Date: Tue, 15 Nov 2016 20:58:15 -0700
From: Alex Williamson <alex.williamson@redhat.com>
To: Kirti Wankhede <kwankhede@nvidia.com>
Cc: <pbonzini@redhat.com>, <kraxel@redhat.com>, <cjia@nvidia.com>,
        <qemu-devel@nongnu.org>, <kvm@vger.kernel.org>, <kevin.tian@intel.com>,
        <jike.song@intel.com>, <bjsdjshi@linux.vnet.ibm.com>,
        <linux-kernel@vger.kernel.org>
Subject: Re: [PATCH v13 11/22] vfio iommu: Add blocking notifier to notify
 DMA_UNMAP
Message-ID: <20161115205815.492670b2@t450s.home>
In-Reply-To: <473d10c5-b2cb-e976-a923-b5add22bcde6@nvidia.com>
References: <1479223805-22895-1-git-send-email-kwankhede@nvidia.com>
        <1479223805-22895-12-git-send-email-kwankhede@nvidia.com>
        <20161115151950.1e8ab7d6@t450s.home>
        <ff36c637-92ec-a768-7bc4-3015c30dba12@nvidia.com>
        <20161115201612.103893d7@t450s.home>
        <20161115202522.16d1990e@t450s.home>
        <473d10c5-b2cb-e976-a923-b5add22bcde6@nvidia.com>
MIME-Version: 1.0
Content-Type: text/plain; charset=US-ASCII
Content-Transfer-Encoding: 7bit
Sender: linux-kernel-owner@vger.kernel.org
Content-Length: 3486
Lines: 83

On Wed, 16 Nov 2016 09:13:37 +0530
Kirti Wankhede <kwankhede@nvidia.com> wrote:

> On 11/16/2016 8:55 AM, Alex Williamson wrote:
> > On Tue, 15 Nov 2016 20:16:12 -0700
> > Alex Williamson <alex.williamson@redhat.com> wrote:
> >   
> >> On Wed, 16 Nov 2016 08:16:15 +0530
> >> Kirti Wankhede <kwankhede@nvidia.com> wrote:
> >>  
> >>> On 11/16/2016 3:49 AM, Alex Williamson wrote:    
> >>>> On Tue, 15 Nov 2016 20:59:54 +0530
> >>>> Kirti Wankhede <kwankhede@nvidia.com> wrote:
> >>>>       
> >>> ...
> >>>     
> >>>>> @@ -854,7 +857,28 @@ static int vfio_dma_do_unmap(struct vfio_iommu *iommu,
> >>>>>  		 */
> >>>>>  		if (dma->task->mm != current->mm)
> >>>>>  			break;
> >>>>> +
> >>>>>  		unmapped += dma->size;
> >>>>> +
> >>>>> +		if (iommu->external_domain && !RB_EMPTY_ROOT(&dma->pfn_list)) {
> >>>>> +			struct vfio_iommu_type1_dma_unmap nb_unmap;
> >>>>> +
> >>>>> +			nb_unmap.iova = dma->iova;
> >>>>> +			nb_unmap.size = dma->size;
> >>>>> +
> >>>>> +			/*
> >>>>> +			 * Notifier callback would call vfio_unpin_pages() which
> >>>>> +			 * would acquire iommu->lock.
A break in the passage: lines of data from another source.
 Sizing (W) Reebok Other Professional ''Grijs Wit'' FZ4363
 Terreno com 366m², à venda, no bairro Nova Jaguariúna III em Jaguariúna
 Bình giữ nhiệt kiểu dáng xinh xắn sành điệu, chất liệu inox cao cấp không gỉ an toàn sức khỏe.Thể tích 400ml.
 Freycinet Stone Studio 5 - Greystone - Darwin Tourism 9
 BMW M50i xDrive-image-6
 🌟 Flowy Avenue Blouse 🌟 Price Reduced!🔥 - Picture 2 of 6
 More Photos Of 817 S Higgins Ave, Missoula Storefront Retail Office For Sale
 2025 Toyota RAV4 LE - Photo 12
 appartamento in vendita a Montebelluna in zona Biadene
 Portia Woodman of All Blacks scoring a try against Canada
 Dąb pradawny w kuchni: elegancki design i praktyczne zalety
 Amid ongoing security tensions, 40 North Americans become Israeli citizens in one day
Release lock here and
> >>>>> +			 * reacquire it again.
> >>>>> +			 */
> >>>>> +			mutex_unlock(&iommu->lock);
> >>>>> +			blocking_notifier_call_chain(&iommu->notifier,
> >>>>> +						    VFIO_IOMMU_NOTIFY_DMA_UNMAP,
> >>>>> +						    &nb_unmap);
> >>>>> +			mutex_lock(&iommu->lock);
> >>>>> +			if (WARN_ON(!RB_EMPTY_ROOT(&dma->pfn_list)))
> >>>>> +				break;
> >>>>> +		}      
> >>>>
> >>>>
> >>>> Why exactly do we need to notify per vfio_dma rather than per unmap
> >>>> request?  If we do the latter we can send the notify first, limiting us
> >>>> to races where a page is pinned between the notify and the locking,
> >>>> whereas here, even our dma pointer is suspect once we re-acquire the
> >>>> lock, we don't technically know if another unmap could have removed
> >>>> that already.  Perhaps something like this (untested):
> >>>>       
> >>>
> >>> There are checks to validate unmap request, like v2 check and who is
> >>> calling unmap and is it allowed for that task to unmap. Before these
> >>> checks its not sure that unmap region range which asked for would be
> >>> unmapped all. Notify call should be at the place where its sure that the
> >>> range provided to notify call is definitely going to be removed. My
> >>> change do that.    
> >>
> >> Ok, but that does solve the problem.  What about this (untested):  
> > 
> > s/does/does not/
> > 
> > BTW, I like how the retries here fill the gap in my previous proposal
> > where we could still race re-pinning.  We've given it an honest shot or
> > someone is not participating if we've retried 10 times.  I don't
> > understand why the test for iommu->external_domain was there, clearly
> > if the list is not empty, we need to notify.  Thanks,
> >   
> 
> Ok. Retry is good to give a chance to unpin all. But is it really
> required to use BUG_ON() that would panic the host. I think WARN_ON
> should be fine and then when container is closed or when the last group
> is removed from the container, vfio_iommu_type1_release() is called and
> we have a chance to unpin it all.

See my comments on patch 10/22, we need to be vigilant that the vendor
driver is participating.  I don't think we should be cleaning up after
the vendor driver on release, if we need to do that, it implies we
already have problems in multi-mdev containers since we'll be left with
pfn_list entries that no longer have an owner.  Thanks,

Alex